To initiate this diagnostic mode, I pressed F8 when prompted during the boot process, and selected the Safe Mode option. I was surprised that this time the system briefly went as far as displaying the GUI before displaying the blue screen. I also noticed an encouraging development in this Safe Mode­generated blue screen: The blue screen now listed a driver name next to the Stop error code. I immediately recognized the driver, cdr4_2k.sys, as being related to my system's CD-R and CD-Rewritable (CD-RW) drive. This information, coupled with the recollection that I was burning a CD-R disc just before the original blue screen, led me to suspect that my CD-R and CD-RW drive was causing my problems. I removed the drive from the SCSI chain, and the system booted normally.

Safe Mode Savior
Although the standard-mode boot Win2K blue screen disappointingly yielded less-than-complete diagnostic information, I was happy that the Safe Mode option provided me with the clues I needed to track down the problem. Based on this experience, I recommend that you always boot to Safe Mode first when you experience a blue screen—especially a blue screen that provides limited information—in case doing so yields any diagnostic clues about the Stop failure.

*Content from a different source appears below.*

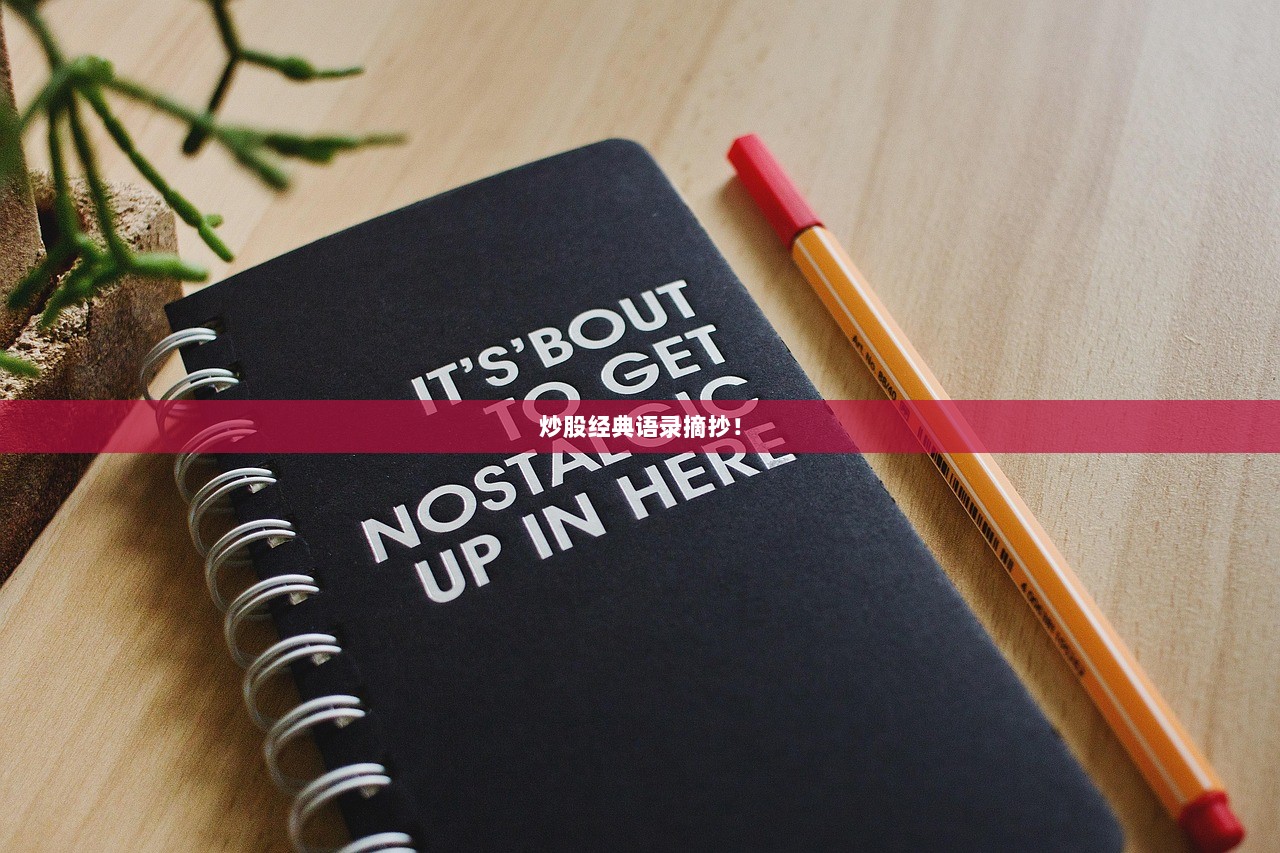 炒股经典语录摘抄！  第1张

Related Articles in Previous Issues
You can obtain the following articles from Windows 2000 Magazine's Web site at http://www.win2000mag.com.

SEAN DAILY
Tricks & Traps, "Daily Answers," November 2000, InstantDoc ID 15744
"Mastering the Recovery Console," July 2000, InstantDoc ID 8918

JOHN D. RULEY
Windows 2000 Pro, "Key Recovery Console Commands," July 2000, InstantDoc ID 8957

MARK RUSSINOVICH
"Crash Dump Analysis," February 2001, InstantDoc ID 16425 NT Internals, "Inside the Blue Screen," December 1997, InstantDoc ID 301
Corrections to this Article:
  • In the article "Recovering from B-Day" (June 2001), all references to bootlog.txt should have read ntbtlog.txt, and the reference to c:\bootlog.txt should have read c:\winnt\ntbtlog.txt. We apologize for any inconvenience these errors might have caused.